An icon of fire with the hand of a person on the bottom left corner.

The Social and Cultural Context

February 6, 2026 2 min read

[expand]The gender flexibility within patriarchy was paradoxical but real. The steppe societies were generally patriarchal—male authority dominated, inheritance favored males, political leadership was predominantly masculine—yet allowed exceptions permitting some women to adopt warrior roles. The flexibility might have stemmed from practical necessity (population losses requiring mobilization of all capable fighters), individual choice (exceptional women proving combat capability), or cultural traditions valuing martial competence over gender conformity for military purposes. The exact mechanisms remain unclear, but result was societies that were patriarchal yet not absolutely gender-rigid.

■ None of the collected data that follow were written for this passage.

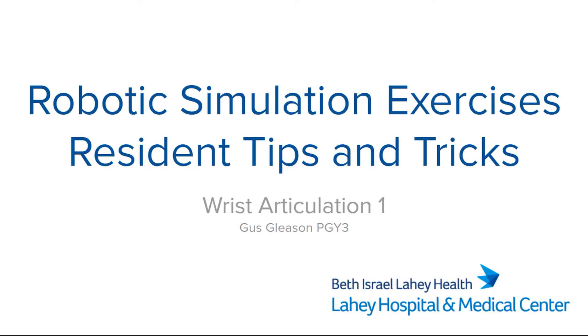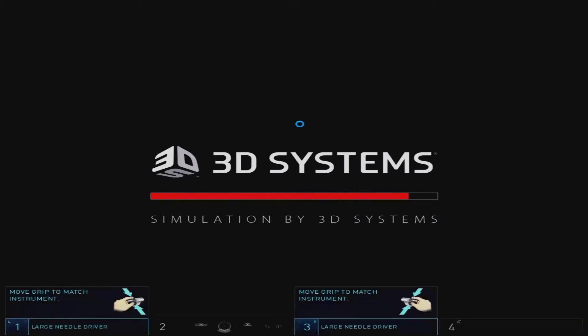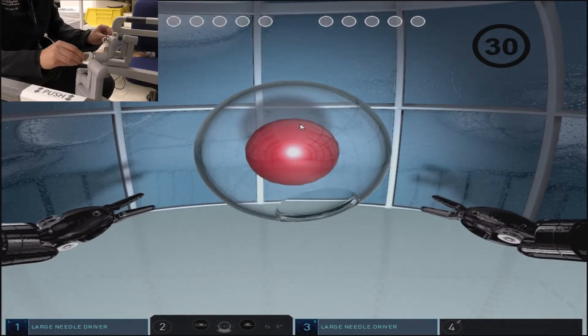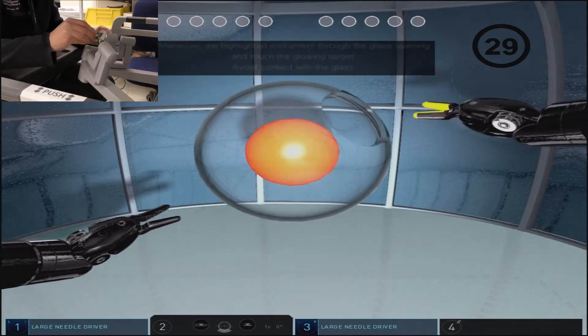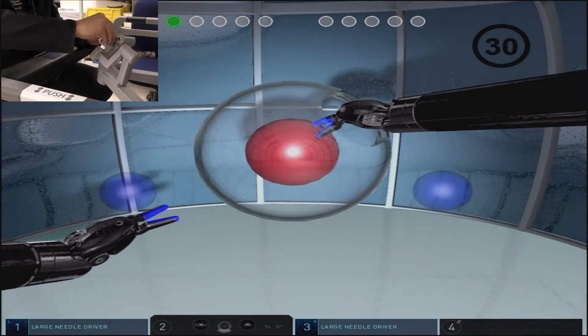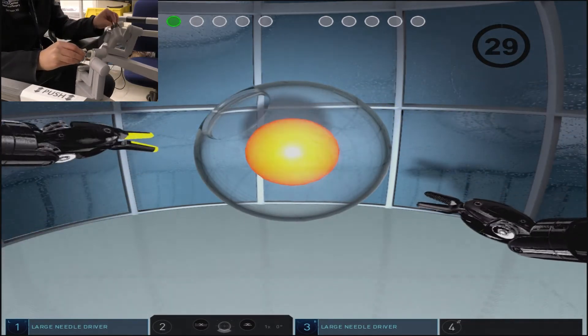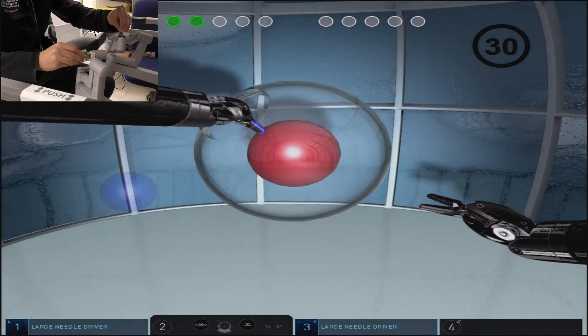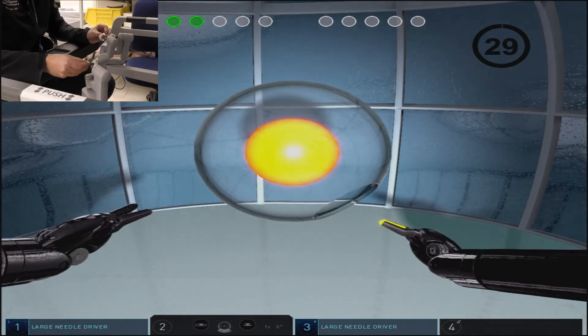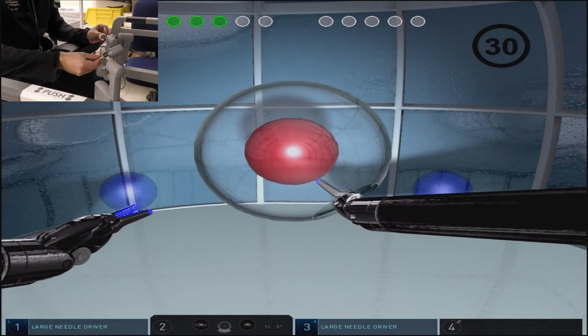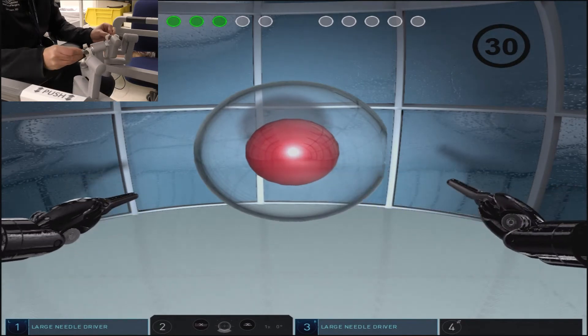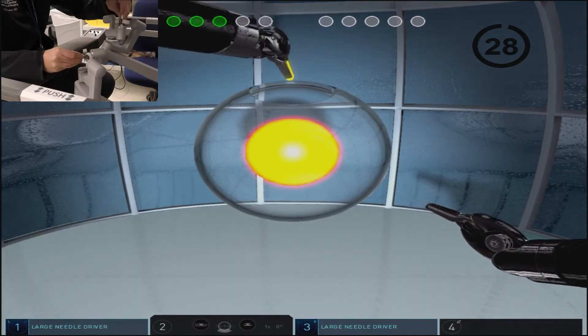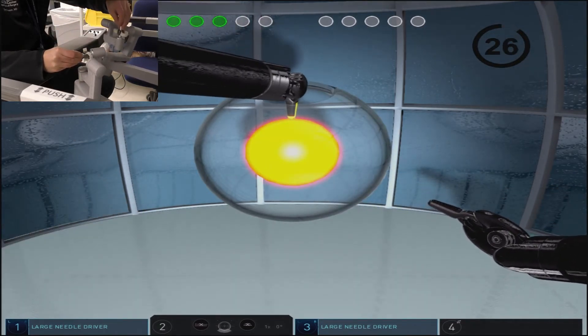The wrist articulation exercises are designed to provide understanding and comfort with the wrist articulation hand controls. Wrist articulation 1 is simplified so the user is solely focused on figuring out the best way to articulate the controls in order to touch the sphere inside the glass globe without coming in contact with it.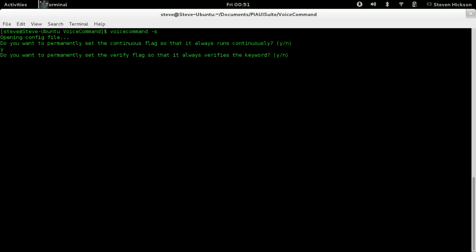Do you want to permanently set the verify flag so it always verifies via the keyword? In my videos you've seen me call it a name like Rosie. What it does is check the audio level every couple seconds. If the audio level is above a certain threshold, it verifies and checks the keyword. If it's the keyword, it listens to your command. If not, it instantaneously starts listening. I like to use the keyword, so we're going to press yes.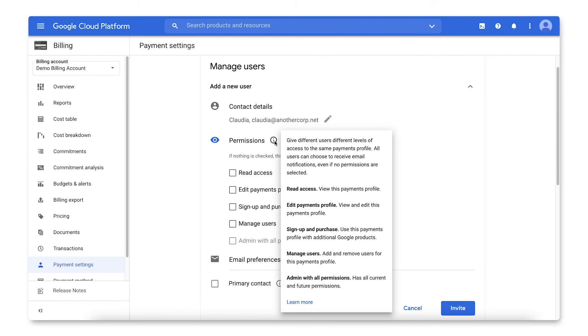To set the admin permission for a user, you must be an admin on this Payments Profile. Users with the Manage Users permission can set only up to the same permissions they are granted on their user account.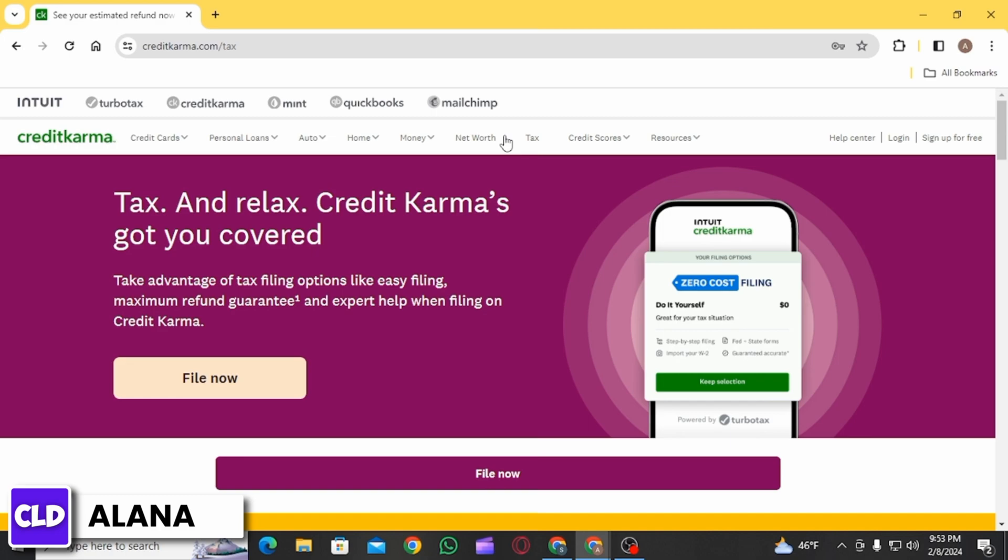If you face any difficulties during this process, you can contact the customer support of Credit Karma Tax. And that's it for this video. Please make sure to hit the like button and subscribe for more helpful tutorials.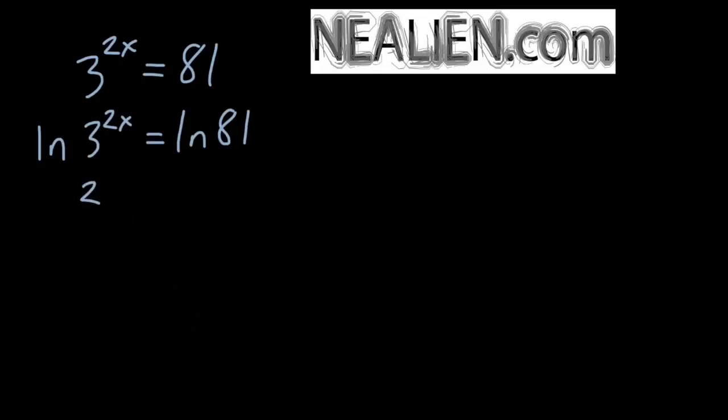All right, so using the properties of logarithms, we know that for ln of 3 to the 2x, we can bring down the exponent in front, and we have 2x times ln of 3. And that's going to be equal to ln of 81.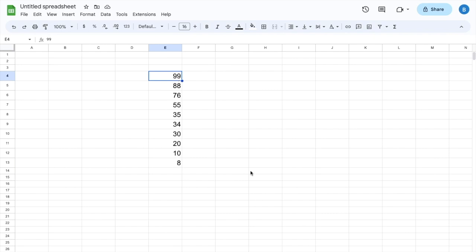And basically that is how you guys can sort from highest to lowest here in Google Sheets. I hope this video helps.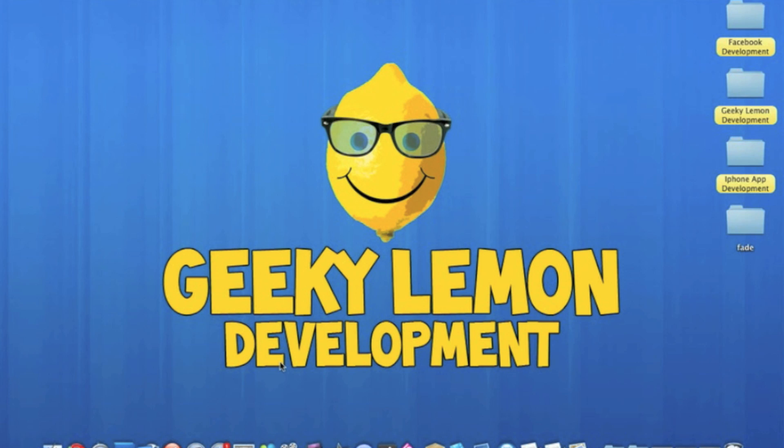Hey guys, this is Aaron from Geeky Lemon Development and today in this tutorial I'll be showing you how to fade out stuff like buttons, labels, text views, or any other outlet in your project.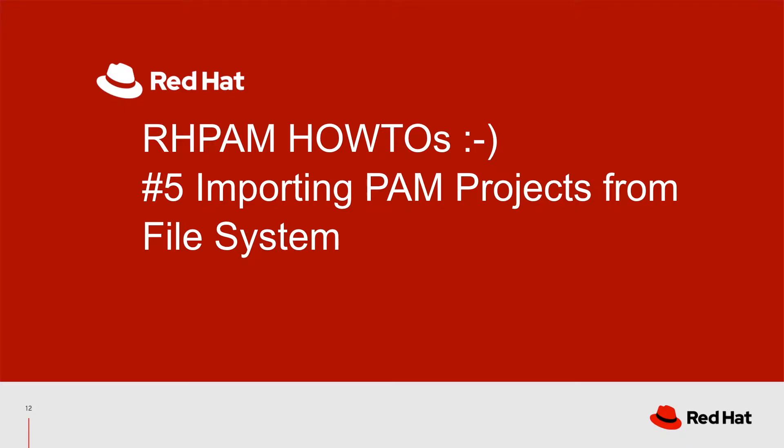Welcome back to my video series, Red Hat Process Automation Manager How-tos. Today's topic is importing PAM projects from file system.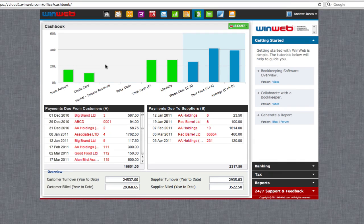When you enter WinWeb's cashbook, you will automatically see an overview of your business's cash flow through a graphical interpretation of the data that you have entered so far. This is useful for getting an instant picture of the financial health of your business.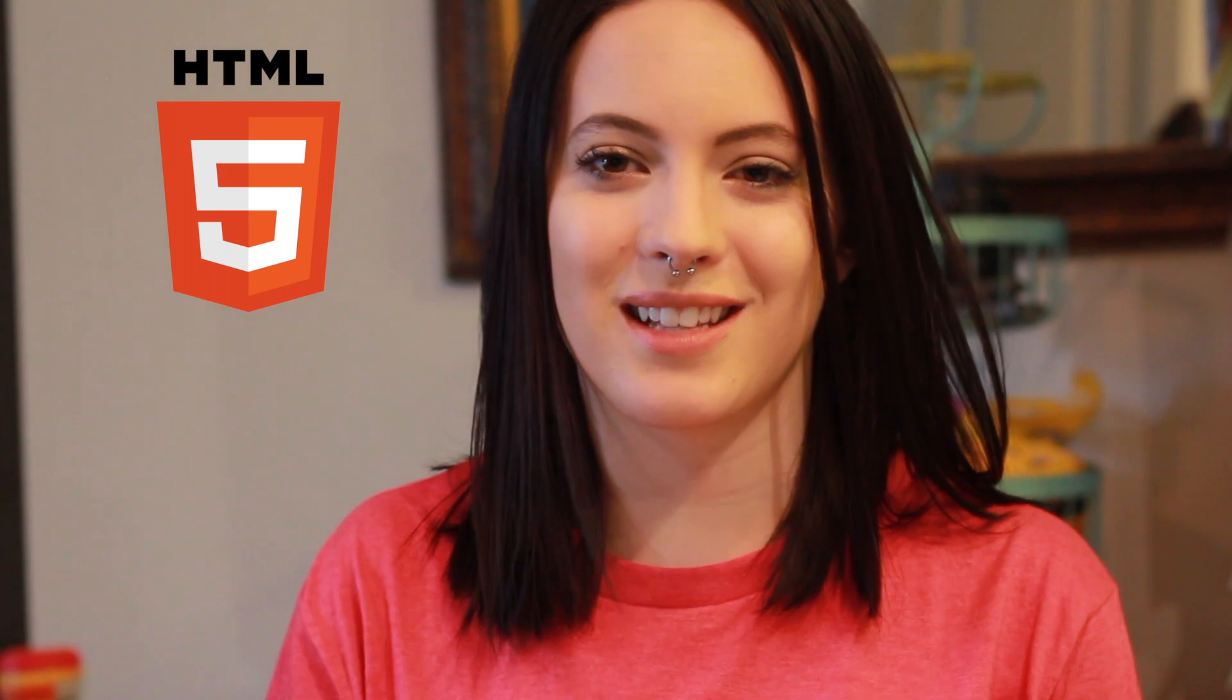Hi, I'm Holly. I am a user experience designer and a front-end developer and today we're going to be talking about HTML. So let's get to it because I'm bad at intros.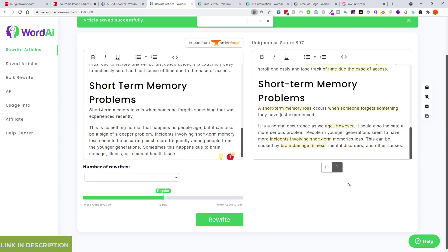Without messing about with SpinRewriter, you get a completely readable, unique article to use on your other sites. It's a shortcut way to mass producing content, and as you can see it just takes minutes. There is a bulk option as well.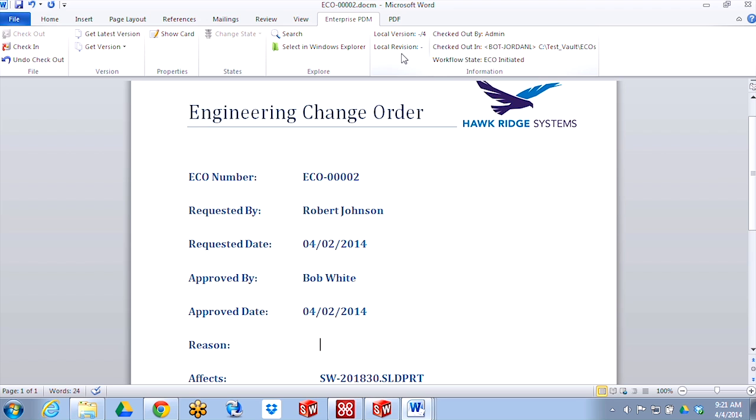If you want to go try out the new capability, you can download the EPDM add-in for Microsoft Office from the SOLIDWORKS customer portal, download that to your client machine and install it, and start working with Microsoft Office documents just the same way that you're already working with SOLIDWORKS documents.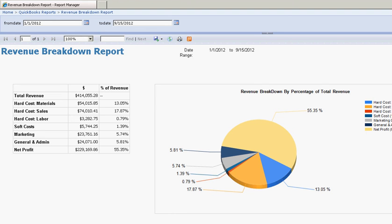You can get different reports that you can't get out of QuickBooks by pulling data into the secondary reporting database and then reporting upon it.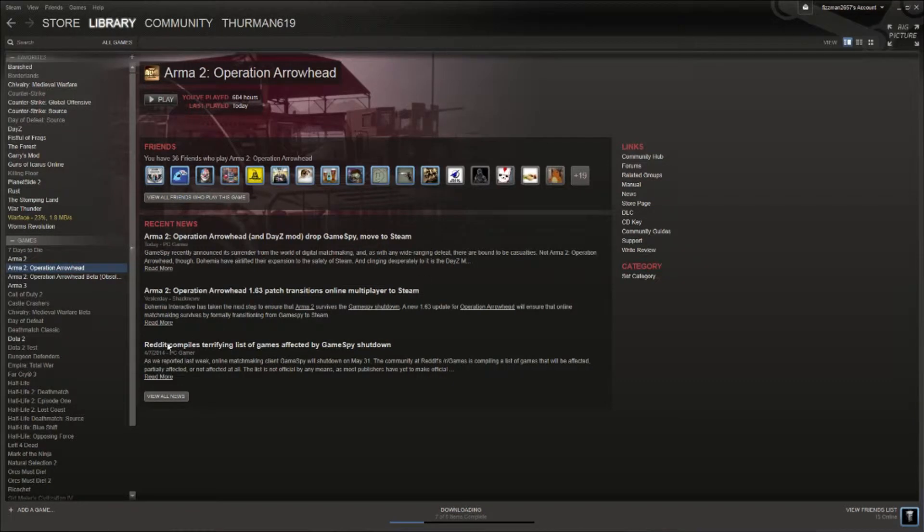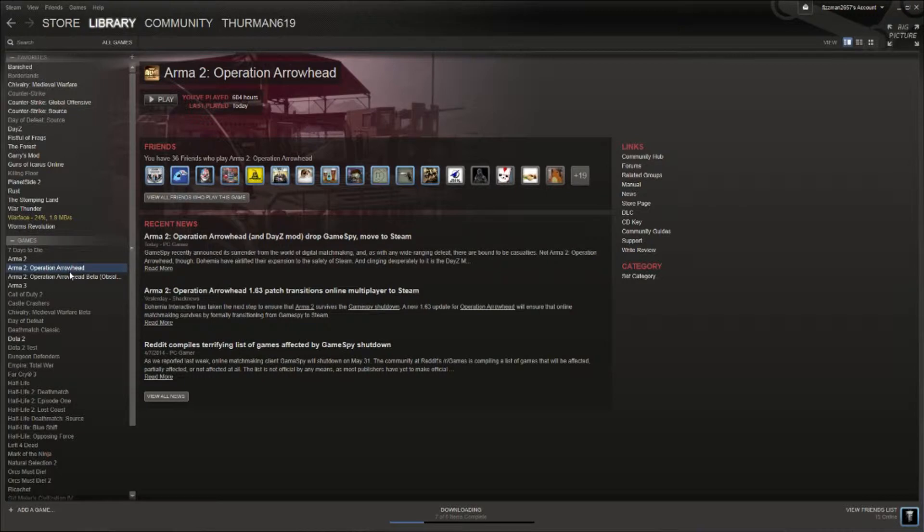Hey guys, so I had a few questions for how to check files on Steam to see if anything's corrupted or if you have any problems with a video game.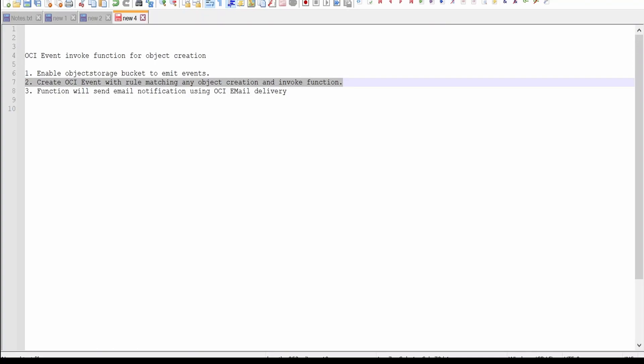Hello and welcome. In this video we are going to learn how to create an OCI event which invokes a function for any object creation in an object storage bucket. To start with, first we have to enable the object storage bucket to emit events.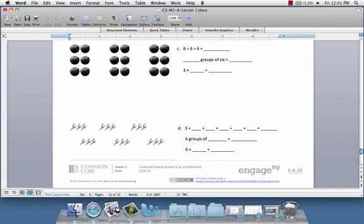1.a.13. The 13 is merely the page number within the set of documents, however 1.a is of particular importance.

The necessity arguments suggest population pressures. In societies suffering heavy male casualties through warfare, women might have been recruited to maintain military strength. The demographic imbalance following catastrophic battles could have normalized female combat participation—when male warriors were scarce, capable women filled roles rather than leaving communities defenseless. The practice once established might have persisted even after population recovered, creating tradition that outlasted original necessity.

The skill-based meritocracy valued competence. If combat effectiveness was paramount consideration, gender might have been secondary factor. The woman who could ride, shoot, and fight competently might have been accepted as warrior regardless of gender, the practical military value overriding ideological objections. The steppe warfare’s technical nature—requiring sustained practice to achieve mounted archery competence—meant capability was demonstrable rather than assumed, allowing women who achieved requisite skills to prove themselves through performance.

The independence of widows provided pathway. Women who lost husbands through combat yet possessed martial skills might have continued warrior activities rather than remarrying or accepting dependent status. The widow with military training, equipment inherited from deceased husband, and personal courage might have maintained warrior identity, her established reputation and demonstrated capability making continued military participation acceptable even if female warriors otherwise were unusual.